#### Task to carry out
Exact copies of all entries are expected.
[[ Given records open ]]
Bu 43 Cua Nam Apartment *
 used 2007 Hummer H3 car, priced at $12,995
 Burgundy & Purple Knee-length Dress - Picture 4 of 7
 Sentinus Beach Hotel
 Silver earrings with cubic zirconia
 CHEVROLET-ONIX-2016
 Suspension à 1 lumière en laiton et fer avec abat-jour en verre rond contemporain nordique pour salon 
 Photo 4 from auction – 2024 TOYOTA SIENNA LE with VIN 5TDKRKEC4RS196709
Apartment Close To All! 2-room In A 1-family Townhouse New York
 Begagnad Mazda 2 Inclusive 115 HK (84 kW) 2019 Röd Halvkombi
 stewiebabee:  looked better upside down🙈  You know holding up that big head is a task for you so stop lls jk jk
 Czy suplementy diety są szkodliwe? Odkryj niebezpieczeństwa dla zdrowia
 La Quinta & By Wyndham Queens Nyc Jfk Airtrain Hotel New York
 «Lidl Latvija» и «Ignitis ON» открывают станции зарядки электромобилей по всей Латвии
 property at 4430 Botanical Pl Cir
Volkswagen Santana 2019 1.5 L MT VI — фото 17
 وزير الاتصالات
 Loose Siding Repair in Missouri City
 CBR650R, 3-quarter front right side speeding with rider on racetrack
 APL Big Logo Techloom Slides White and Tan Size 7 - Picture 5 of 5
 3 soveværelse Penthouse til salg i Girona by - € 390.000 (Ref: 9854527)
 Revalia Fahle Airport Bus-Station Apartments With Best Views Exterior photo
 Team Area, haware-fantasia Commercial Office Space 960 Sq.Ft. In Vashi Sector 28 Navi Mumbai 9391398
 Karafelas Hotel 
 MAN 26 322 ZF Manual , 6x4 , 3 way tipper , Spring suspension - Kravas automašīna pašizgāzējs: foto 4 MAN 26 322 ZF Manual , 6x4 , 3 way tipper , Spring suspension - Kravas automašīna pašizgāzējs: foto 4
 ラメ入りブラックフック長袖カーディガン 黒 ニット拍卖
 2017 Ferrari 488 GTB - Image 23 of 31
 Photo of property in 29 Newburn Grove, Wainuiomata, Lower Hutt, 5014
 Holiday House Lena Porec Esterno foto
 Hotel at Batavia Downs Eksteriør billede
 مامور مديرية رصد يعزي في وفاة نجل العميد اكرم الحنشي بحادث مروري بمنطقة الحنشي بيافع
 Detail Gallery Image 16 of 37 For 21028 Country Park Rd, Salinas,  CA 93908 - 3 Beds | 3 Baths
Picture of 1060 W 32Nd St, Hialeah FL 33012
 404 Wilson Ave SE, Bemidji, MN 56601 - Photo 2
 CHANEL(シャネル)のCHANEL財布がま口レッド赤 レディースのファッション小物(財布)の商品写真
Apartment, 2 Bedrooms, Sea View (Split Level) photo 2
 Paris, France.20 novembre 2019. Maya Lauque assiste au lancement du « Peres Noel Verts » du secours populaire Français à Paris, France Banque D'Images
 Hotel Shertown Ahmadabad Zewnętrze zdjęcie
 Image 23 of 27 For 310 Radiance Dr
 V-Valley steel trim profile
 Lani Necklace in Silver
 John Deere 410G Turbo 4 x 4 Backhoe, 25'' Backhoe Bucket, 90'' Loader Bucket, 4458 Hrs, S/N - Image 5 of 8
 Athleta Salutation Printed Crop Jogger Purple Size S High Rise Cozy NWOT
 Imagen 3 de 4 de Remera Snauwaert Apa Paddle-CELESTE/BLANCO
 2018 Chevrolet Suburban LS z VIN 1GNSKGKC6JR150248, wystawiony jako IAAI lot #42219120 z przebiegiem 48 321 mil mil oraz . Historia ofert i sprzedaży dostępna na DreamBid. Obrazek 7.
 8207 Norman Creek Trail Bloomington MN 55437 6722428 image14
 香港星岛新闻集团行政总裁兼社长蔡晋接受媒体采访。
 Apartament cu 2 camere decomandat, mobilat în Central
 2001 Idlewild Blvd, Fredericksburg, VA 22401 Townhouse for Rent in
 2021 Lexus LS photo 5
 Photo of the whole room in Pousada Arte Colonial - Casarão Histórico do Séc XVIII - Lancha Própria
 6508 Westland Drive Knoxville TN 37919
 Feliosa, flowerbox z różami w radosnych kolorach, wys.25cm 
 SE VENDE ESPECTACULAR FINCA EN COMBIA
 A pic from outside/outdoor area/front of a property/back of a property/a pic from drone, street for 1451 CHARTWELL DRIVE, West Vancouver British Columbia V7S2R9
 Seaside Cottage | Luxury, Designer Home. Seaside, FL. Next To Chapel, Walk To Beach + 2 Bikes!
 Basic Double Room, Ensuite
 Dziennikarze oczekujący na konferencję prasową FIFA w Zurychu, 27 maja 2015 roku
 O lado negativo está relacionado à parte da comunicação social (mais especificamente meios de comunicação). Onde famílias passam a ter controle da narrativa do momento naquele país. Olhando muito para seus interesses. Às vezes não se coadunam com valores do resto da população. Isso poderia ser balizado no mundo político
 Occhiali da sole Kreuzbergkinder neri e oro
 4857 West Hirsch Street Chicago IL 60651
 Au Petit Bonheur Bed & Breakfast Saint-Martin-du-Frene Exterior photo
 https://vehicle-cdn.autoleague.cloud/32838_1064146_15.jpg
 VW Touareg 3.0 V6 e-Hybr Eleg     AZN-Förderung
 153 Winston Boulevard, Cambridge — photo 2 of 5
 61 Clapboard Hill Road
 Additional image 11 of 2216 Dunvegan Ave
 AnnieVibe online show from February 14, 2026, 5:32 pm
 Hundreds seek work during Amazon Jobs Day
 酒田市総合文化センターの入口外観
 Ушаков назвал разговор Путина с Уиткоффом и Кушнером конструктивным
[[ Given records closed ]]
#### Response box
Bu 43 Cua Nam Apartment *
 used 2007 Hummer H3 car, priced at $12,995
 Burgundy & Purple Knee-length Dress - Picture 4 of 7
 Sentinus Beach Hotel
 Silver earrings with cubic zirconia
 CHEVROLET-ONIX-2016
 Suspension à 1 lumière en laiton et fer avec abat-jour en verre rond contemporain nordique pour salon 
 Photo 4 from auction – 2024 TOYOTA SIENNA LE with VIN 5TDKRKEC4RS196709
Apartment Close To All! 2-room In A 1-family Townhouse New York
 Begagnad Mazda 2 Inclusive 115 HK (84 kW) 2019 Röd Halvkombi
 stewiebabee:  looked better upside down🙈  You know holding up that big head is a task for you so stop lls jk jk
 Czy suplementy diety są szkodliwe? Odkryj niebezpieczeństwa dla zdrowia
 La Quinta & By Wyndham Queens Nyc Jfk Airtrain Hotel New York
 «Lidl Latvija» и «Ignitis ON» открывают станции зарядки электромобилей по всей Латвии
 property at 4430 Botanical Pl Cir
Volkswagen Santana 2019 1.5 L MT VI — фото 17
 وزير الاتصالات
 Loose Siding Repair in Missouri City
 CBR650R, 3-quarter front right side speeding with rider on racetrack
 APL Big Logo Techloom Slides White and Tan Size 7 - Picture 5 of 5
 3 soveværelse Penthouse til salg i Girona by - € 390.000 (Ref: 9854527)
 Revalia Fahle Airport Bus-Station Apartments With Best Views Exterior photo
 Team Area, haware-fantasia Commercial Office Space 960 Sq.Ft. In Vashi Sector 28 Navi Mumbai 9391398
 Karafelas Hotel 
 MAN 26 322 ZF Manual , 6x4 , 3 way tipper , Spring suspension - Kravas automašīna pašizgāzējs: foto 4 MAN 26 322 ZF Manual , 6x4 , 3 way tipper , Spring suspension - Kravas automašīna pašizgāzējs: foto 4
 ラメ入りブラックフック長袖カーディガン 黒 ニット拍卖
 2017 Ferrari 488 GTB - Image 23 of 31
 Photo of property in 29 Newburn Grove, Wainuiomata, Lower Hutt, 5014
 Holiday House Lena Porec Esterno foto
 Hotel at Batavia Downs Eksteriør billede
 مامور مديرية رصد يعزي في وفاة نجل العميد اكرم الحنشي بحادث مروري بمنطقة الحنشي بيافع
 Detail Gallery Image 16 of 37 For 21028 Country Park Rd, Salinas,  CA 93908 - 3 Beds | 3 Baths
Picture of 1060 W 32Nd St, Hialeah FL 33012
 404 Wilson Ave SE, Bemidji, MN 56601 - Photo 2
 CHANEL(シャネル)のCHANEL財布がま口レッド赤 レディースのファッション小物(財布)の商品写真
Apartment, 2 Bedrooms, Sea View (Split Level) photo 2
 Paris, France.20 novembre 2019. Maya Lauque assiste au lancement du « Peres Noel Verts » du secours populaire Français à Paris, France Banque D'Images
 Hotel Shertown Ahmadabad Zewnętrze zdjęcie
 Image 23 of 27 For 310 Radiance Dr
 V-Valley steel trim profile
 Lani Necklace in Silver
 John Deere 410G Turbo 4 x 4 Backhoe, 25'' Backhoe Bucket, 90'' Loader Bucket, 4458 Hrs, S/N - Image 5 of 8
 Athleta Salutation Printed Crop Jogger Purple Size S High Rise Cozy NWOT
 Imagen 3 de 4 de Remera Snauwaert Apa Paddle-CELESTE/BLANCO
 2018 Chevrolet Suburban LS z VIN 1GNSKGKC6JR150248, wystawiony jako IAAI lot #42219120 z przebiegiem 48 321 mil mil oraz . Historia ofert i sprzedaży dostępna na DreamBid. Obrazek 7.
 8207 Norman Creek Trail Bloomington MN 55437 6722428 image14
 香港星岛新闻集团行政总裁兼社长蔡晋接受媒体采访。
 Apartament cu 2 camere decomandat, mobilat în Central
 2001 Idlewild Blvd, Fredericksburg, VA 22401 Townhouse for Rent in
 2021 Lexus LS photo 5
 Photo of the whole room in Pousada Arte Colonial - Casarão Histórico do Séc XVIII - Lancha Própria
 6508 Westland Drive Knoxville TN 37919
 Feliosa, flowerbox z różami w radosnych kolorach, wys.25cm 
 SE VENDE ESPECTACULAR FINCA EN COMBIA
 A pic from outside/outdoor area/front of a property/back of a property/a pic from drone, street for 1451 CHARTWELL DRIVE, West Vancouver British Columbia V7S2R9
 Seaside Cottage | Luxury, Designer Home. Seaside, FL. Next To Chapel, Walk To Beach + 2 Bikes!
 Basic Double Room, Ensuite
 Dziennikarze oczekujący na konferencję prasową FIFA w Zurychu, 27 maja 2015 roku
 O lado negativo está relacionado à parte da comunicação social (mais especificamente meios de comunicação). Onde famílias passam a ter controle da narrativa do momento naquele país. Olhando muito para seus interesses. Às vezes não se coadunam com valores do resto da população. Isso poderia ser balizado no mundo político
 Occhiali da sole Kreuzbergkinder neri e oro
 4857 West Hirsch Street Chicago IL 60651
 Au Petit Bonheur Bed & Breakfast Saint-Martin-du-Frene Exterior photo
 https://vehicle-cdn.autoleague.cloud/32838_1064146_15.jpg
 VW Touareg 3.0 V6 e-Hybr Eleg     AZN-Förderung
 153 Winston Boulevard, Cambridge — photo 2 of 5
 61 Clapboard Hill Road
 Additional image 11 of 2216 Dunvegan Ave
 AnnieVibe online show from February 14, 2026, 5:32 pm
 Hundreds seek work during Amazon Jobs Day
 酒田市総合文化センターの入口外観
 Ушаков назвал разговор Путина с Уиткоффом и Кушнером конструктивным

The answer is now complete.